Summer break-up of Dáil for the birds
Seanad told Dublin seagulls have lost the run of themselves completely
Nobody was spared this Hitchcockian nightmare as the birds attacked. And what was particularly galling for the politicians is that there was no pecking order.
They couldn’t escape Leinster House fast enough. Can’t blame them. We weren’t too far behind.
It was carnage as people left. The ushers had to escort terrified TDs and journalists out in small batches to Kildare Street, protecting them from the aerial onslaught with large golf umbrellas.
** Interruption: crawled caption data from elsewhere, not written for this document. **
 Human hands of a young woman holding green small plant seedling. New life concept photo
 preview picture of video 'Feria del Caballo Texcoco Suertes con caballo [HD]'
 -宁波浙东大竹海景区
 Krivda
Several toupees were snatched.
An emergency ban on 99s was imposed by the authorities after a senior Government spokesman had his Flake snaffled on the plinth.
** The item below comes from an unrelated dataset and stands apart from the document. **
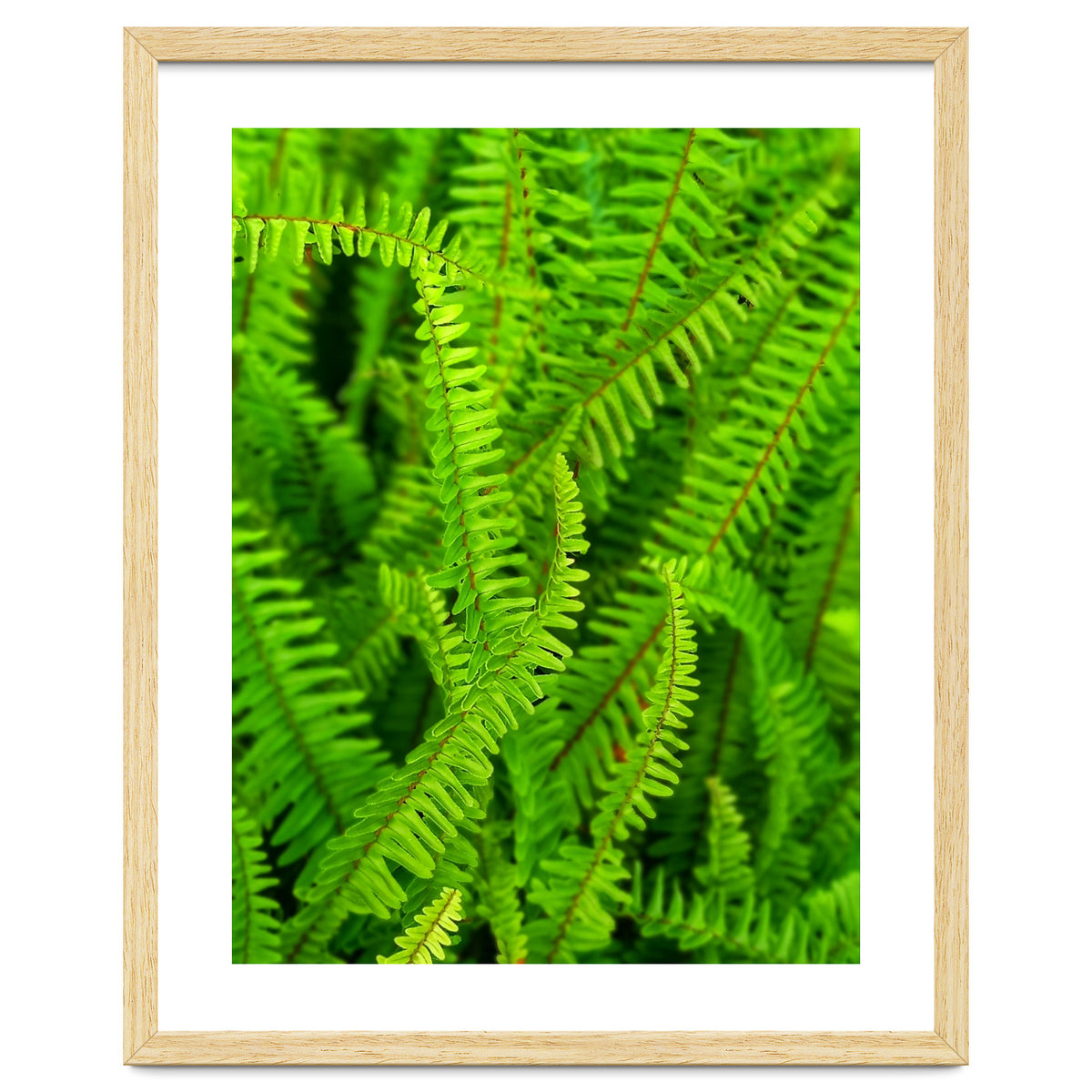 Green Ferns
Nobody was spared this Hitchcockian nightmare as the birds attacked.
And what was particularly galling for the politicians is that there was no pecking order.
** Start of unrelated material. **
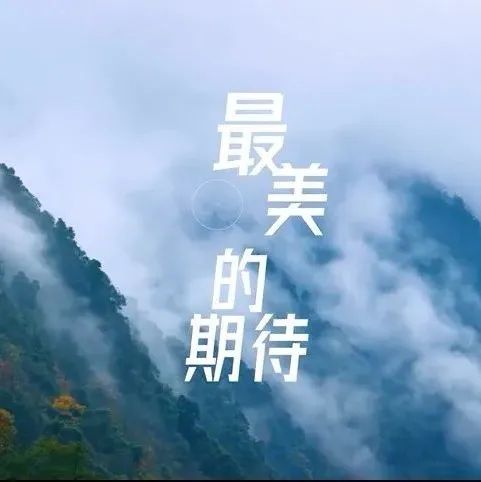 459_1654187159901.jpg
The Fine Gael women, who have had a terrible week, were severely traumatised. “It was bad enough on Tuesday when the Taoiseach s*** all over us with the junior minister jobs, now the seagulls are doing the same” wailed one them.
The hero of the hour was plucky Kerry Senator, Ned O’Sullivan, who told the Upper House about the terror seagulls on the rampage in Dublin, warning his country colleagues about the danger in the Dublin skies.
He told the Seanad that the Dublin seagulls have “lost the run of themselves completely.”
(It seems they’re as bad as the Dublin media – another motley crew of undesirables frequently denounced by Senators and TDs.)
The brazen birds are doing things like taking lollipops from babies, said Senator O’Seagullivan, omitting to mention the ones which swoop down between the buildings in Leinster House to snaffle the ducklings in the little pond.
Senator O’Seagullivan, who is from the literary town of Listowel and was a close friend of John B’s, recalled an essay by the great American humourist Robert Benchley, entitled “Down with Pigeons.” The author thought that pigeons had it in for him and were always on alert, no matter where in the world, to do him down with their droppings. ”
As it turned out, there was quite a bit of support for his call to the Minister for the Environment to address the capital’s seagull problem. Maybe not in the chamber, where everyone laughed, but outside it.
As the Dáil and Seanad wound down until September, members finished their political year by swapping seagull horror stories.
A fitting way to officially usher in the silly season.
The Dáil had been scheduled to sit until 7 last night, but thanks to increased, er, efficiencies on the part of deputies, the politicians cleared their work list with four hours to spare.
They passed three Bills before midday. The House rose for the summer recess in the afternoon. All done and dusted.
Which came as a surprise to nobody. Sittings resume on September 17th at 2.30 in the afternoon. By then, having worked themselves to the point of exhaustion in their constituencies over the intervening two months, the TDs will drag themselves back to parliament, desperately in need of a good rest and a good blast of seagull song.
Yesterday, this task fell to Sinn Féin, with party leader Gerry Adams asking for a special debate today to discuss the crisis in Gaza.
They pushed the matter to a vote, having sent word out beforehand that their TDs would “make a protest” in the chamber if they lost. And so it came to pass.
The Government won the vote. Gerry rose to his feet, which came as something of a disappointment to journalists who had been hoping that the promised protest would be of the sit-down variety.
“I ask you to invite the Dáil to stand for one minute in solidarity with the people of Gaza and the Middle East,” said Gerry, as his colleagues produced photocopies of the Palestinian flag.
Of course, everyone stood. Mary Lou McDonald asked about the crisis in Gaza last week – why didn’t she ask for time to be put aside to debate it then, rather than the party waiting until the last day?
Perhaps Joan should have agreed to the four hour debate.
That would have denied Sinn Féin their effective political stunt.